Exercise brief —
Copy each line from the records below in which the word "including" is found.

Data provided —
..........

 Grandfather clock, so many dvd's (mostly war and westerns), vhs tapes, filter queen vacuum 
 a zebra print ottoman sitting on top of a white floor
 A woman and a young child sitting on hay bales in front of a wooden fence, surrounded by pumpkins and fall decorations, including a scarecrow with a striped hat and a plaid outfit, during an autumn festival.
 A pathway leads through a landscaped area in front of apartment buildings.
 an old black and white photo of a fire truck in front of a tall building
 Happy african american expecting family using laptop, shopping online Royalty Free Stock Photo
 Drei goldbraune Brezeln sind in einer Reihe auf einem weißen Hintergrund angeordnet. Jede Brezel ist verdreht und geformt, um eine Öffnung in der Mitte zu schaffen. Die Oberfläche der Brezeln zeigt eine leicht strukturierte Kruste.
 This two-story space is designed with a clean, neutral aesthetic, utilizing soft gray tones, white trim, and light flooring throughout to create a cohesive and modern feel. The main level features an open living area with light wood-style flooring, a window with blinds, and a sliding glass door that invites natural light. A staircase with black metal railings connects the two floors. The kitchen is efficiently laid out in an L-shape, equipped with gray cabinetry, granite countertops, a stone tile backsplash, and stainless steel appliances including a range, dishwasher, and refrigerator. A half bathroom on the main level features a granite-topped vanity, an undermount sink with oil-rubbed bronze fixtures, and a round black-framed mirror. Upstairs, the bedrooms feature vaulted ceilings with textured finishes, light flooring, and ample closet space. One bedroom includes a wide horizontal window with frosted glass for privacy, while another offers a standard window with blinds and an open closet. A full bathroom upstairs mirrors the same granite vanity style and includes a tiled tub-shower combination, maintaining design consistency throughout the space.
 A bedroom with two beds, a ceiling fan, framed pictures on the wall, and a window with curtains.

..........

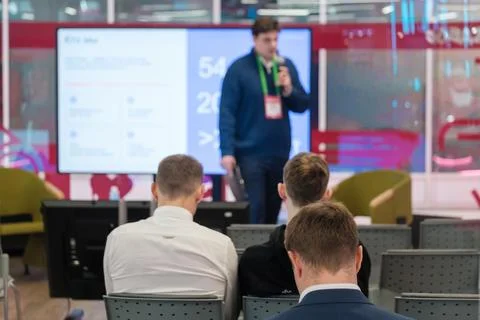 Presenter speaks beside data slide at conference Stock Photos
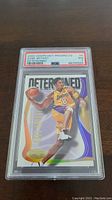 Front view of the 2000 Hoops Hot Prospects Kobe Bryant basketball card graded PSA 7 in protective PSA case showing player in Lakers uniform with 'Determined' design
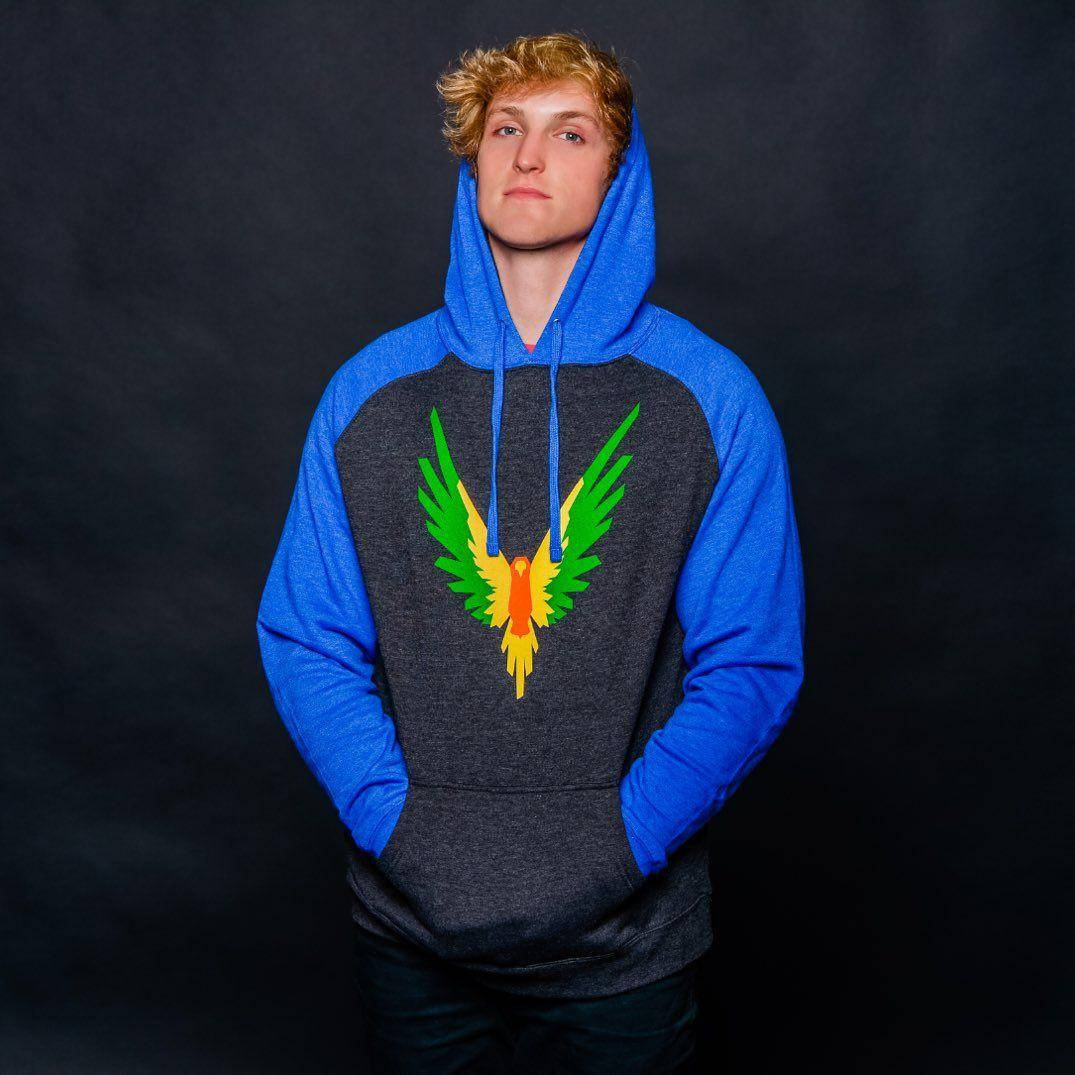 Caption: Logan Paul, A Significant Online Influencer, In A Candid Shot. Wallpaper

..........

Response below —
 A woman and a young child sitting on hay bales in front of a wooden fence, surrounded by pumpkins and fall decorations, including a scarecrow with a striped hat and a plaid outfit, during an autumn festival.
 This two-story space is designed with a clean, neutral aesthetic, utilizing soft gray tones, white trim, and light flooring throughout to create a cohesive and modern feel. The main level features an open living area with light wood-style flooring, a window with blinds, and a sliding glass door that invites natural light. A staircase with black metal railings connects the two floors. The kitchen is efficiently laid out in an L-shape, equipped with gray cabinetry, granite countertops, a stone tile backsplash, and stainless steel appliances including a range, dishwasher, and refrigerator. A half bathroom on the main level features a granite-topped vanity, an undermount sink with oil-rubbed bronze fixtures, and a round black-framed mirror. Upstairs, the bedrooms feature vaulted ceilings with textured finishes, light flooring, and ample closet space. One bedroom includes a wide horizontal window with frosted glass for privacy, while another offers a standard window with blinds and an open closet. A full bathroom upstairs mirrors the same granite vanity style and includes a tiled tub-shower combination, maintaining design consistency throughout the space.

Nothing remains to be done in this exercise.